(Aim of the exercise) Output the data as it stands. Each line must match exactly.
*** Opening Input records ***
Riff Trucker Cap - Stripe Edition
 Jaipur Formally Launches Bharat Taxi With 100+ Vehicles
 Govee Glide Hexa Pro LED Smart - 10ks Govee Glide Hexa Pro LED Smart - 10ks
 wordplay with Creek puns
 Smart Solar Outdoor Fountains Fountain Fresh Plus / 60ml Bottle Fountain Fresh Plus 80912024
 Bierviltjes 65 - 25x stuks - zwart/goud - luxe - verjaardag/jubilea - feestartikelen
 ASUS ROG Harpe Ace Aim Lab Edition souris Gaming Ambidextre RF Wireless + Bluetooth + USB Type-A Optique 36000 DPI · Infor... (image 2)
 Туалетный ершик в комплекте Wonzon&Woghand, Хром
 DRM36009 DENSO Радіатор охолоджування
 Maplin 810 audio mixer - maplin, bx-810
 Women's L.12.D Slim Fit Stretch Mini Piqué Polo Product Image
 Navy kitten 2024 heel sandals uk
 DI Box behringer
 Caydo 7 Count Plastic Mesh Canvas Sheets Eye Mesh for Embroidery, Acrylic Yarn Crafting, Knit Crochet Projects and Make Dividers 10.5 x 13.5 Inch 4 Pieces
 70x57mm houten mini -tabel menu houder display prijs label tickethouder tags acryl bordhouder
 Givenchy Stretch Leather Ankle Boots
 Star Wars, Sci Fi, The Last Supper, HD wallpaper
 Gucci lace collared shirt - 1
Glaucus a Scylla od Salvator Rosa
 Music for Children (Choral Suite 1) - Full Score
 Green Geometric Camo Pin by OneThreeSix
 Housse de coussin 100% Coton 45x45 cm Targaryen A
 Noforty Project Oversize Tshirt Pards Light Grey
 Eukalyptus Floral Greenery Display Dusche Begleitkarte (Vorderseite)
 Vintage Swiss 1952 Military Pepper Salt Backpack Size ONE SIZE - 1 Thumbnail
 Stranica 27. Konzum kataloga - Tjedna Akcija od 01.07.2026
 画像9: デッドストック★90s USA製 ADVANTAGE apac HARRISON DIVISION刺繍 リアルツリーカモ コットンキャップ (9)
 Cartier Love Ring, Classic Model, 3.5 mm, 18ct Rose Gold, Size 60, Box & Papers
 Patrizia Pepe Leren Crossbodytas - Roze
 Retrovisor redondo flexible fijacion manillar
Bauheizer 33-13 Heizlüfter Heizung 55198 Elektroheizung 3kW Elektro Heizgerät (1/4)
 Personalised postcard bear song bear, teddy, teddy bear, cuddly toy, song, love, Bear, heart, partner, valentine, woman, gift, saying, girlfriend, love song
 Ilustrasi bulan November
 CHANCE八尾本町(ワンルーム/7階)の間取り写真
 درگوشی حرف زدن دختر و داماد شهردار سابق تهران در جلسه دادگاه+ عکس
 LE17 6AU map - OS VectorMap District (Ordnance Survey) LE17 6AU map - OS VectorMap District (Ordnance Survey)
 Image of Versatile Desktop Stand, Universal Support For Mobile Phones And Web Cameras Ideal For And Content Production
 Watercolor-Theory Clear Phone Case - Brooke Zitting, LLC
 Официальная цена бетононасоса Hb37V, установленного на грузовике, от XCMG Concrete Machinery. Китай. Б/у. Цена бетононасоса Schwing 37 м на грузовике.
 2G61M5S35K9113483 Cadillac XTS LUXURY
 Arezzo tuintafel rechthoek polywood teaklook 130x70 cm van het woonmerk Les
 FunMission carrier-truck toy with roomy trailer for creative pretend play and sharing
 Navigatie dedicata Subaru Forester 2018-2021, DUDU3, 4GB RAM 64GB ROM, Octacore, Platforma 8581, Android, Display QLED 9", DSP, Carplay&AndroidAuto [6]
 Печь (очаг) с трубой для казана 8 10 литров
*** Closing Input records ***
(Solution to this problem)
Riff Trucker Cap - Stripe Edition
 Jaipur Formally Launches Bharat Taxi With 100+ Vehicles
 Govee Glide Hexa Pro LED Smart - 10ks Govee Glide Hexa Pro LED Smart - 10ks
 wordplay with Creek puns
 Smart Solar Outdoor Fountains Fountain Fresh Plus / 60ml Bottle Fountain Fresh Plus 80912024
 Bierviltjes 65 - 25x stuks - zwart/goud - luxe - verjaardag/jubilea - feestartikelen
 ASUS ROG Harpe Ace Aim Lab Edition souris Gaming Ambidextre RF Wireless + Bluetooth + USB Type-A Optique 36000 DPI · Infor... (image 2)
 Туалетный ершик в комплекте Wonzon&Woghand, Хром
 DRM36009 DENSO Радіатор охолоджування
 Maplin 810 audio mixer - maplin, bx-810
 Women's L.12.D Slim Fit Stretch Mini Piqué Polo Product Image
 Navy kitten 2024 heel sandals uk
 DI Box behringer
 Caydo 7 Count Plastic Mesh Canvas Sheets Eye Mesh for Embroidery, Acrylic Yarn Crafting, Knit Crochet Projects and Make Dividers 10.5 x 13.5 Inch 4 Pieces
 70x57mm houten mini -tabel menu houder display prijs label tickethouder tags acryl bordhouder
 Givenchy Stretch Leather Ankle Boots
 Star Wars, Sci Fi, The Last Supper, HD wallpaper
 Gucci lace collared shirt - 1
Glaucus a Scylla od Salvator Rosa
 Music for Children (Choral Suite 1) - Full Score
 Green Geometric Camo Pin by OneThreeSix
 Housse de coussin 100% Coton 45x45 cm Targaryen A
 Noforty Project Oversize Tshirt Pards Light Grey
 Eukalyptus Floral Greenery Display Dusche Begleitkarte (Vorderseite)
 Vintage Swiss 1952 Military Pepper Salt Backpack Size ONE SIZE - 1 Thumbnail
 Stranica 27. Konzum kataloga - Tjedna Akcija od 01.07.2026
 画像9: デッドストック★90s USA製 ADVANTAGE apac HARRISON DIVISION刺繍 リアルツリーカモ コットンキャップ (9)
 Cartier Love Ring, Classic Model, 3.5 mm, 18ct Rose Gold, Size 60, Box & Papers
 Patrizia Pepe Leren Crossbodytas - Roze
 Retrovisor redondo flexible fijacion manillar
Bauheizer 33-13 Heizlüfter Heizung 55198 Elektroheizung 3kW Elektro Heizgerät (1/4)
 Personalised postcard bear song bear, teddy, teddy bear, cuddly toy, song, love, Bear, heart, partner, valentine, woman, gift, saying, girlfriend, love song
 Ilustrasi bulan November
 CHANCE八尾本町(ワンルーム/7階)の間取り写真
 درگوشی حرف زدن دختر و داماد شهردار سابق تهران در جلسه دادگاه+ عکس
 LE17 6AU map - OS VectorMap District (Ordnance Survey) LE17 6AU map - OS VectorMap District (Ordnance Survey)
 Image of Versatile Desktop Stand, Universal Support For Mobile Phones And Web Cameras Ideal For And Content Production
 Watercolor-Theory Clear Phone Case - Brooke Zitting, LLC
 Официальная цена бетононасоса Hb37V, установленного на грузовике, от XCMG Concrete Machinery. Китай. Б/у. Цена бетононасоса Schwing 37 м на грузовике.
 2G61M5S35K9113483 Cadillac XTS LUXURY
 Arezzo tuintafel rechthoek polywood teaklook 130x70 cm van het woonmerk Les
 FunMission carrier-truck toy with roomy trailer for creative pretend play and sharing
 Navigatie dedicata Subaru Forester 2018-2021, DUDU3, 4GB RAM 64GB ROM, Octacore, Platforma 8581, Android, Display QLED 9", DSP, Carplay&AndroidAuto [6]
 Печь (очаг) с трубой для казана 8 10 литров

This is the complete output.